New Delhi, June 26 — Investment Information and Credit Rating Agency ICRA has sharply revised down its forecast for domestic passenger vehicle (PV) wholesale volume growth in FY26, now expecting a modest 1–4% increase, compared to its earlier estimate of 4–7%.
In its latest industry update released Thursday, ICRA stated, “The downward revision is led by concerns regarding high inventory levels and supply shortage of critical components such as rare earth magnets, induced production constraints, especially for electric vehicles.”
Despite the challenges, continued model launches by original equipment manufacturers (OEMs) are expected to lend partial support to overall industry volumes during the fiscal year.
May Retail Sales Reflect Demand Weakness
The downgrade in outlook is coupled with indications that consumer sentiment has declined. According to ICRA, in May 2025, domestic PV retail sales fell 13.6% month-on-month to 3,02,214 units from 3,49,939 units in April. This decline is attributed to weak demand stemming from geopolitical tensions in northern India, which are a result of the India-Pakistan conflict.
Despite ongoing discounts from manufacturers, demand for passenger vehicles faltered, lending credence to concerns about a decline in consumer interest.
Two-Wheeler Segment Outperforms with Rural Support
In contrast, the two-wheeler segment exhibited resilience.
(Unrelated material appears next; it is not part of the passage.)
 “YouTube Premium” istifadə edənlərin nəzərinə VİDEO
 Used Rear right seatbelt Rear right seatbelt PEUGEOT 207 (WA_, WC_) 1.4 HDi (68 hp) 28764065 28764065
Retail volumes in the segment increased by 7% YoY, supported by strong rural demand in addition to a favourable harvest season.
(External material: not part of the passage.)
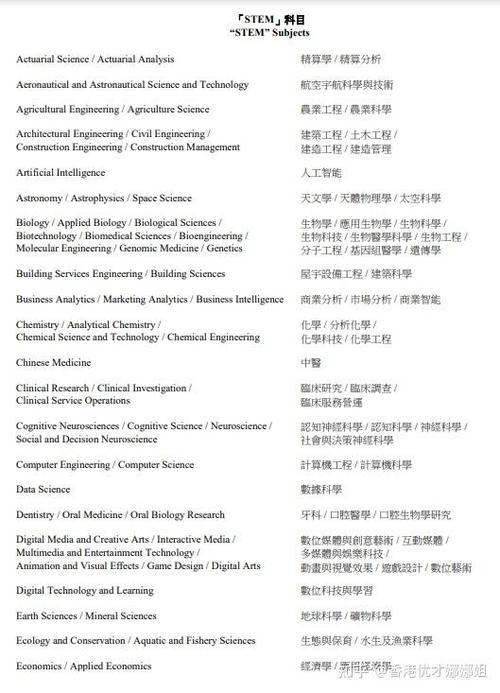 香港今晚开什么号码查询,绝对策略计划研究_社交版40.12.0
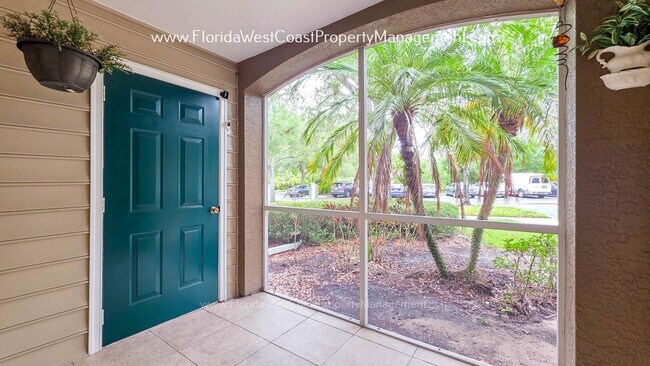 Building Photo - MOVE IN READY! LARGE 2 BEDROOM/2 BATH PLUS ATTACHED GARAGE! TILE/LVP THROUGHOUT!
Looking ahead, ICRA has more optimistic expectations for momentum to be picked up in the two-wheeler sector in FY26, with a forecasted 6-9% increase in wholesale volumes. Demand stability is ensured through replacement, an increase in urban markets, and healthy rural income, assuming a normal monsoon.
As the auto industry navigates a challenging combination of supply chain bottlenecks and shifting consumer preferences, FY26 appears to be a difficult year for passenger vehicle manufacturers but more favourable for two-wheeler manufacturers.